Print the listing below only from the line that has "Музыка яблоня. Гифы" through the line that has "挪用资金罪数额较大指多少（挪用资金罪数额较大数额巨大）", exactly, and drop any picture.
··· Raw data
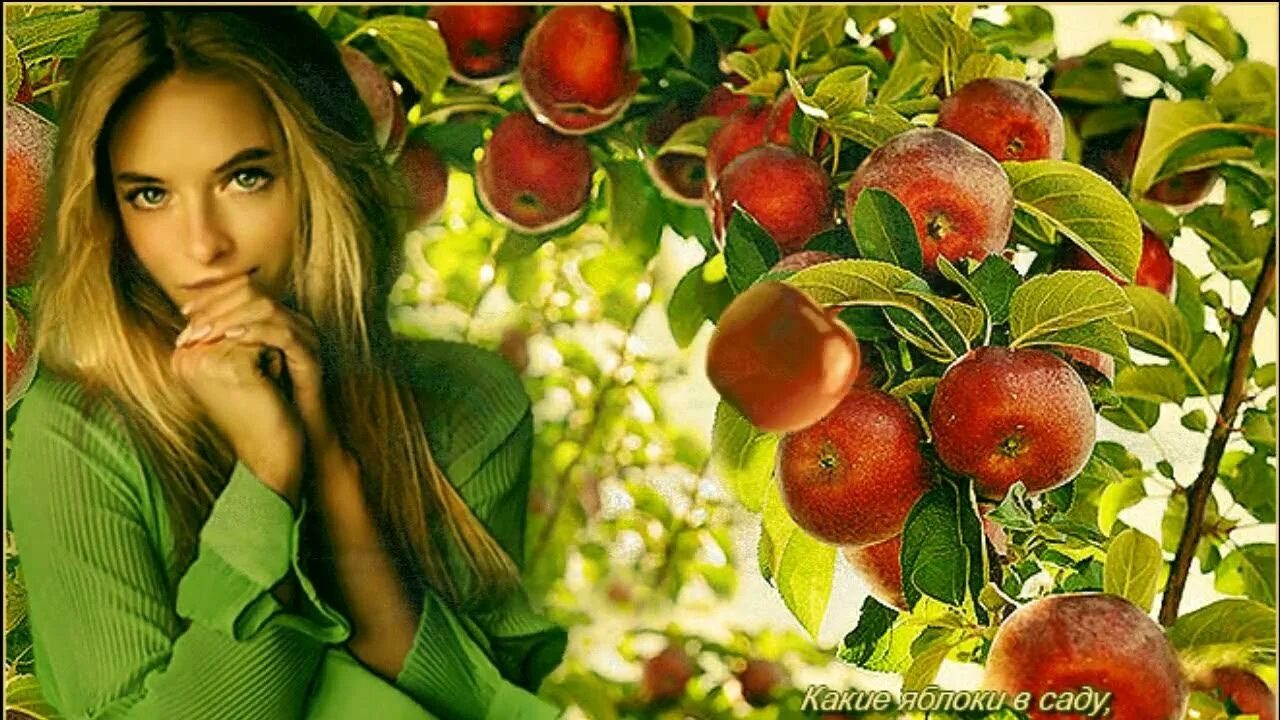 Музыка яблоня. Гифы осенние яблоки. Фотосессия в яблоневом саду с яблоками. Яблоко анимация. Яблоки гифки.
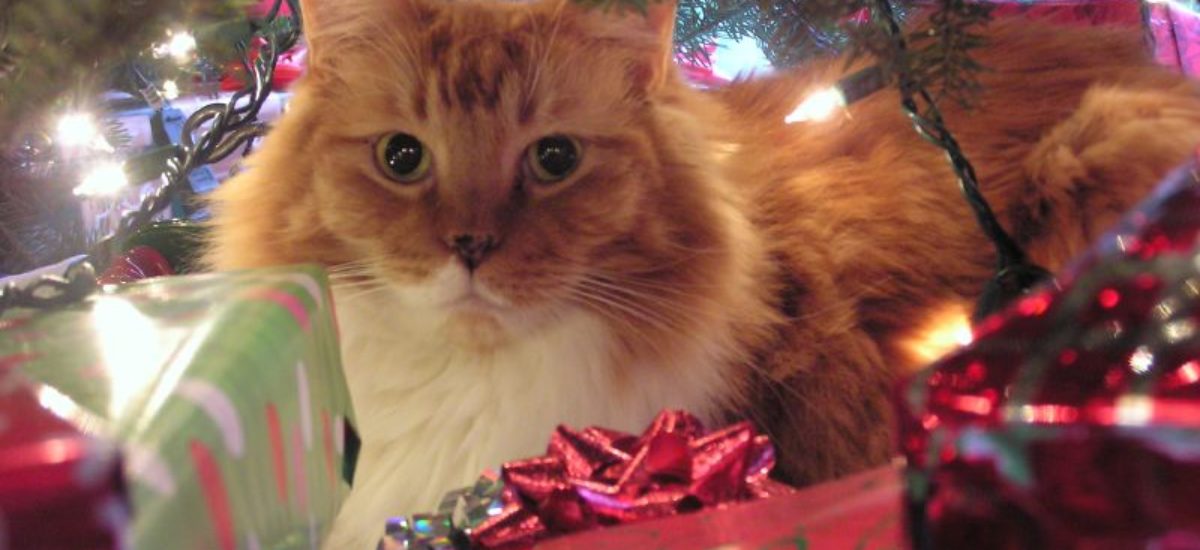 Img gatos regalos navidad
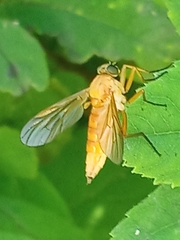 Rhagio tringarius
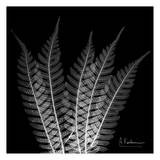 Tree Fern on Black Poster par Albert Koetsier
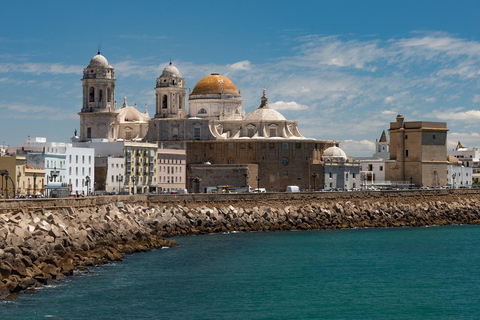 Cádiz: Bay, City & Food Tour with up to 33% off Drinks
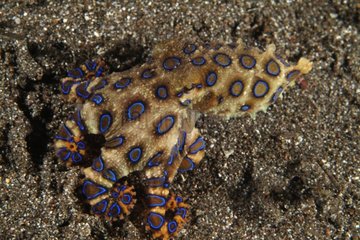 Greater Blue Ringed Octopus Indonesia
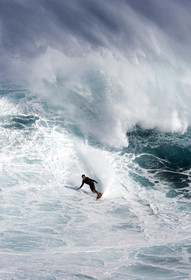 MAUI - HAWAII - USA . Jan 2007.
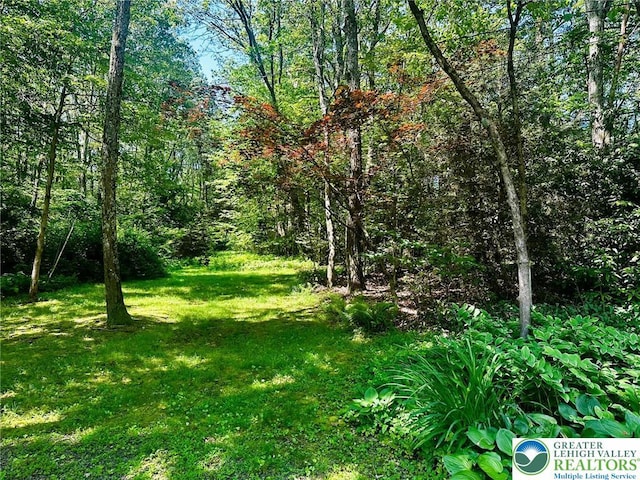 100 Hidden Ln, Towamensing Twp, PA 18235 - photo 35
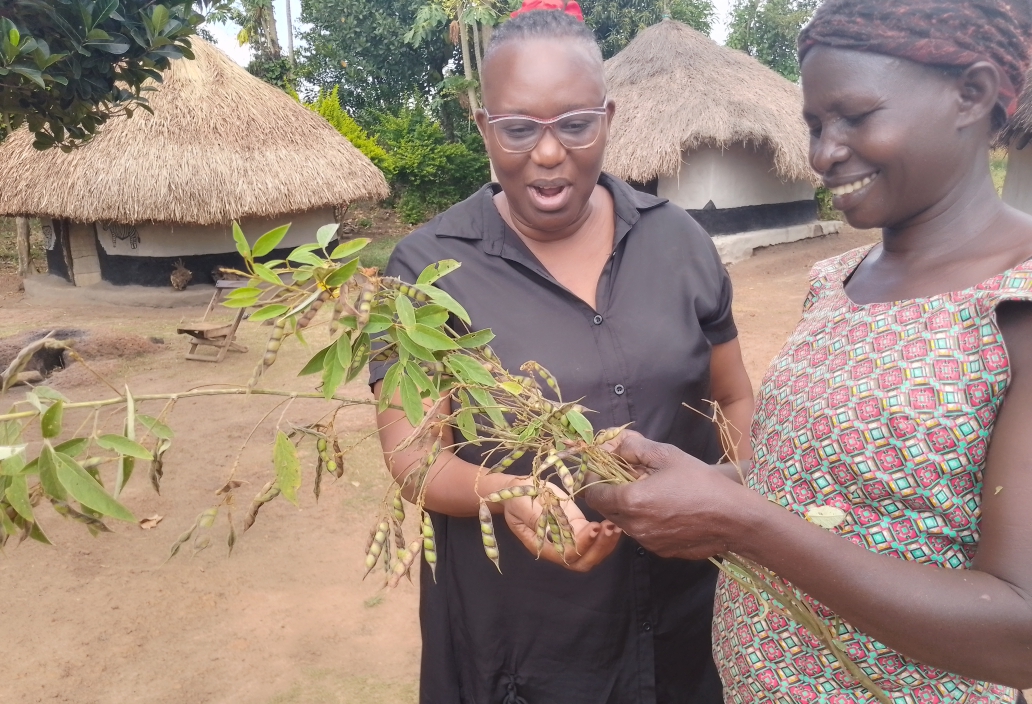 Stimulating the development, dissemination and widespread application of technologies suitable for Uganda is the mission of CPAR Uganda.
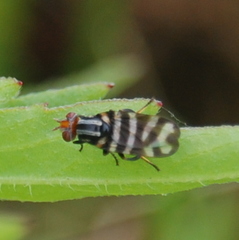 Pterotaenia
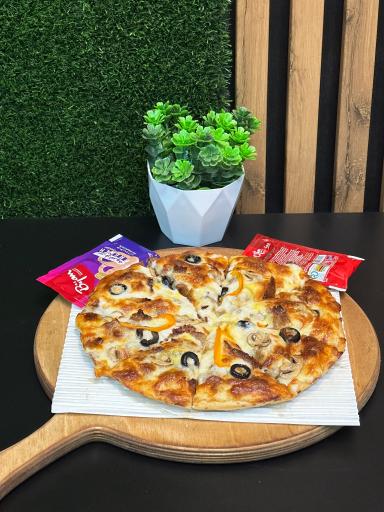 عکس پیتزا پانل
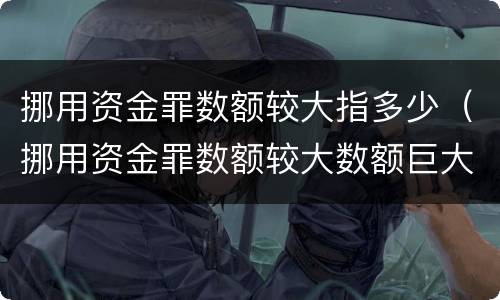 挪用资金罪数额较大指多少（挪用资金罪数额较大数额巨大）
······
··· Raw data
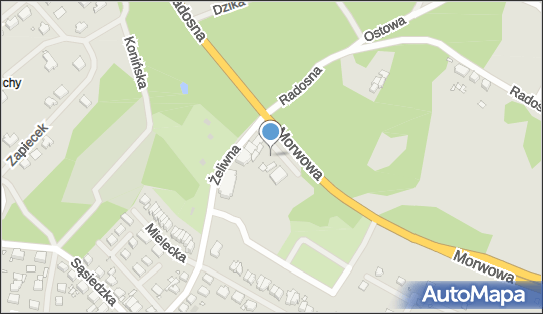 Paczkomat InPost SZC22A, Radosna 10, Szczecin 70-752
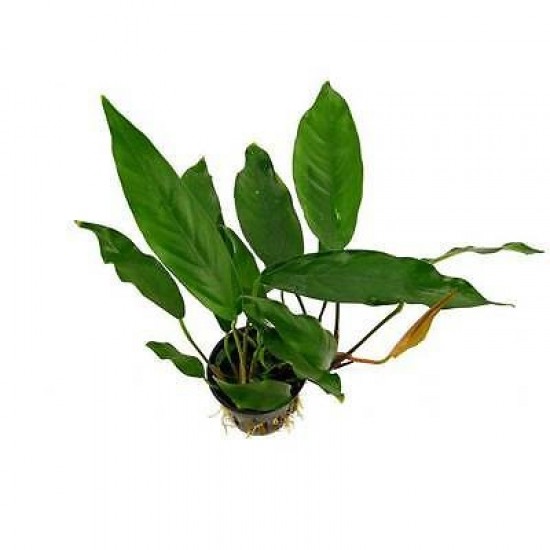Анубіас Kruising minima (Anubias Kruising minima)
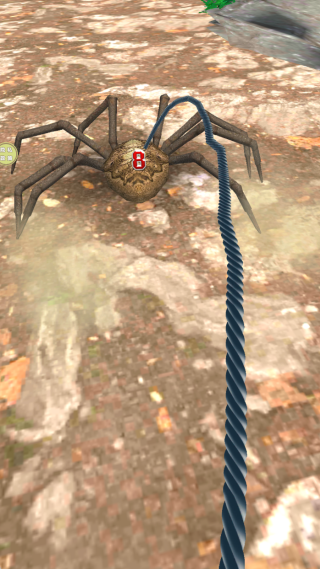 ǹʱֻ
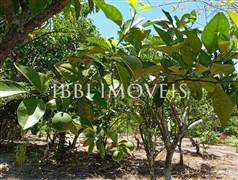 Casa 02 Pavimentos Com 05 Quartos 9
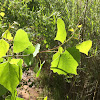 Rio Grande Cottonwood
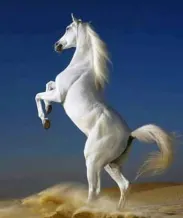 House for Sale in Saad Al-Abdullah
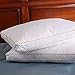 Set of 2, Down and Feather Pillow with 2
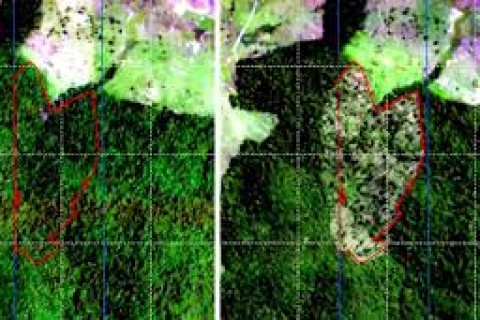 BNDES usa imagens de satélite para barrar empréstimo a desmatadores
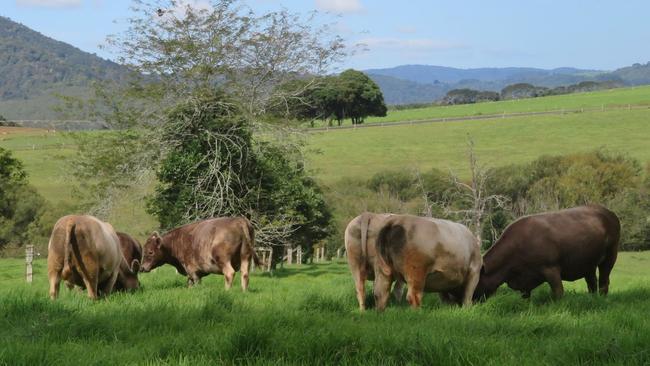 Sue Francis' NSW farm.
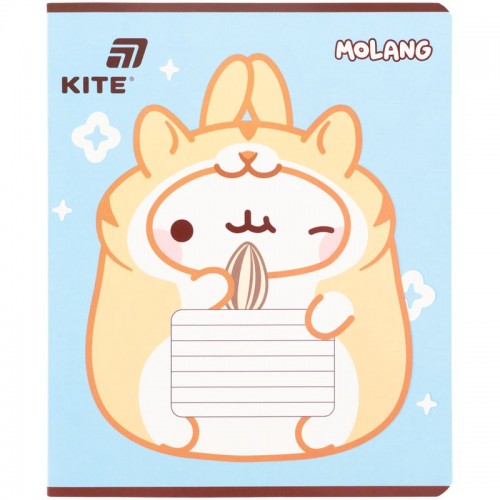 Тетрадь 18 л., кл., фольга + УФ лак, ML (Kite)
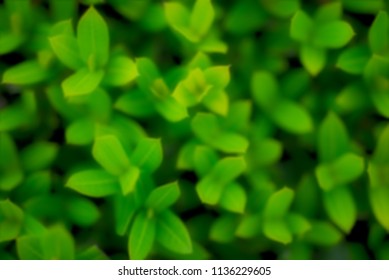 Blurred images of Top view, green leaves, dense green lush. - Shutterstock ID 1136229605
······
··· Raw data
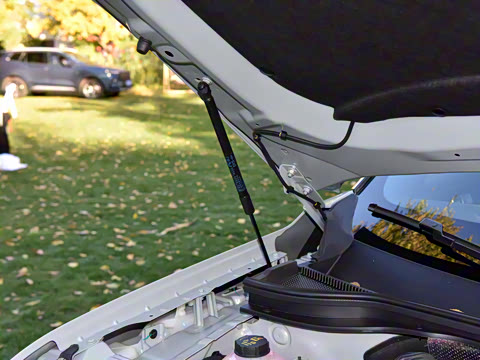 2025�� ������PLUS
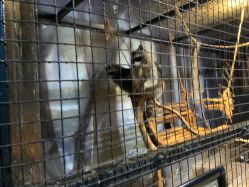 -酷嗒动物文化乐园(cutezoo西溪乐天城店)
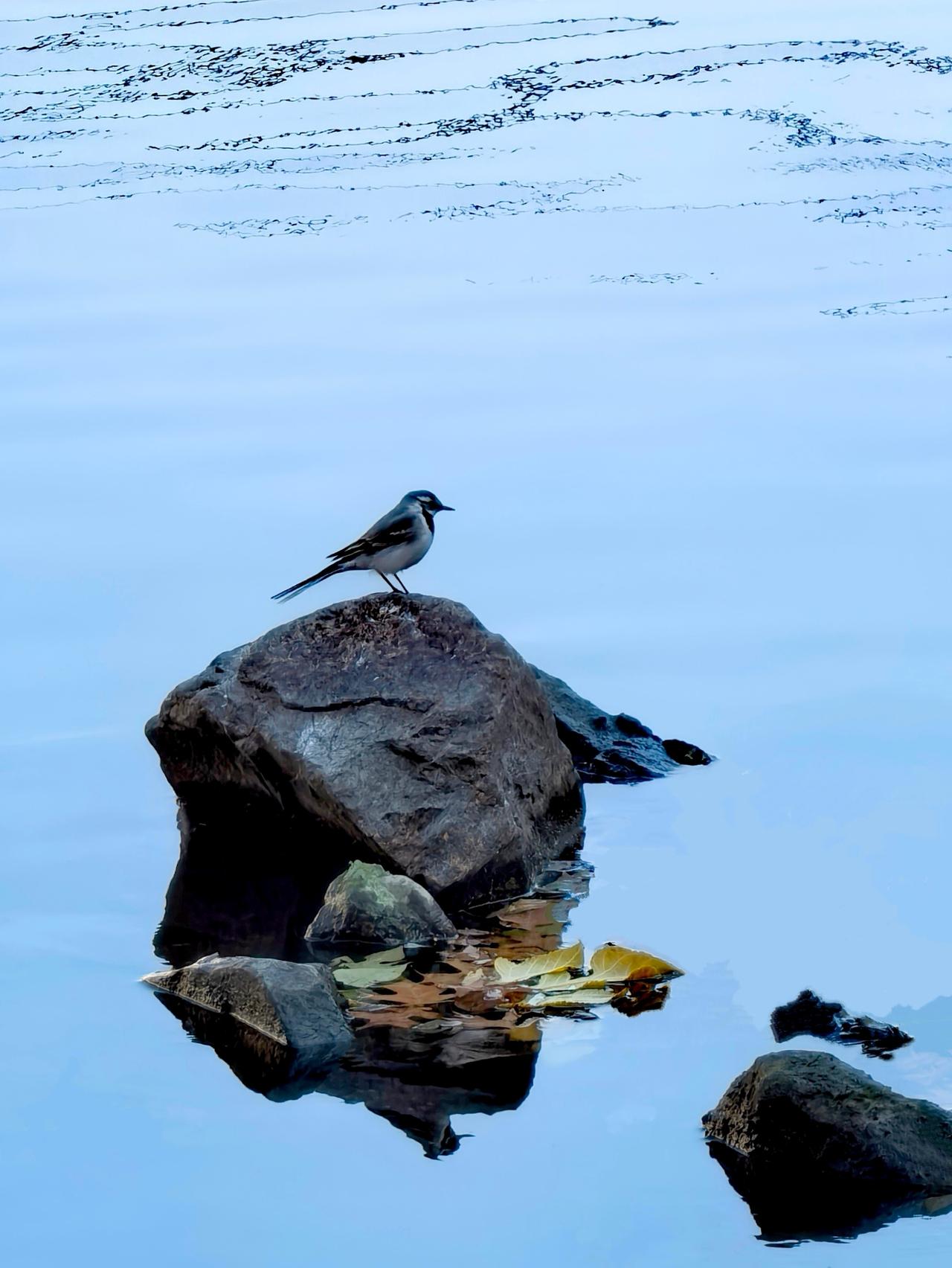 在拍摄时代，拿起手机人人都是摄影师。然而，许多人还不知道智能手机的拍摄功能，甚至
······
Reply to the exercise:
 Музыка яблоня. Гифы осенние яблоки. Фотосессия в яблоневом саду с яблоками. Яблоко анимация. Яблоки гифки.
 Img gatos regalos navidad
 Rhagio tringarius
 Tree Fern on Black Poster par Albert Koetsier
 Cádiz: Bay, City & Food Tour with up to 33% off Drinks
 Greater Blue Ringed Octopus Indonesia
 MAUI - HAWAII - USA . Jan 2007.
 100 Hidden Ln, Towamensing Twp, PA 18235 - photo 35
 Stimulating the development, dissemination and widespread application of technologies suitable for Uganda is the mission of CPAR Uganda.
 Pterotaenia
 عکس پیتزا پانل
 挪用资金罪数额较大指多少（挪用资金罪数额较大数额巨大）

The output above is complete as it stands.